Lawmakers who have discussed the measure with the president predict it will get bipartisan support. Mr. Bush wants strong backing from Congress as he presses the United Nations to exert maximum pressure on Iraqi leader Saddam Hussein to live up to the promises made at the end of the Gulf War.
They include not just disarmament and destruction of weapons of mass destruction, but fair treatment of ethnic minorities and information on the fate of prisoners of war.
Mr. Bush discussed his decision to seek congressional authority with reporters at the end of a meeting at the White House with Secretary of State Colin Powell, who is trying to convince some reluctant members of the Security Council to pass a new tough resolution demanding compliance. The president once again called on the Council to act.
"The United Nations Security Council must work with the United States and Britain and other concerned parties to send a clear message that we expect Saddam to disarm," said Mr. Bush.
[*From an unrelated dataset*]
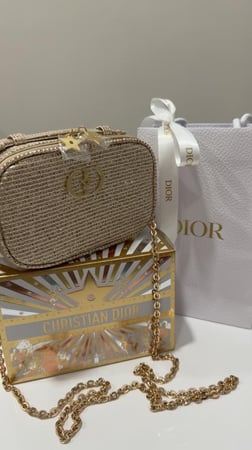 شنطة ديور مع الكيس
And once again, as he did in his speech last week to the world body, Mr. Bush left no doubt the United States is prepared to act alone, if necessary. "If the United Nations Security Council won't deal with the problem, the United States and some of our friends will," he warned.
The president then sounded an optimistic note, saying that there are many nations that love freedom and he is confident they will follow his lead on Iraq.
Later, White House Spokesman Ari Fleischer said he could not predict a date for a possible U.N. vote on Iraq. The administration is far more certain of its prospects in Congress, where support for the president's stand on Iraq is fairly solid, and leaders have promised to vote on a resolution before congressional elections on November 5.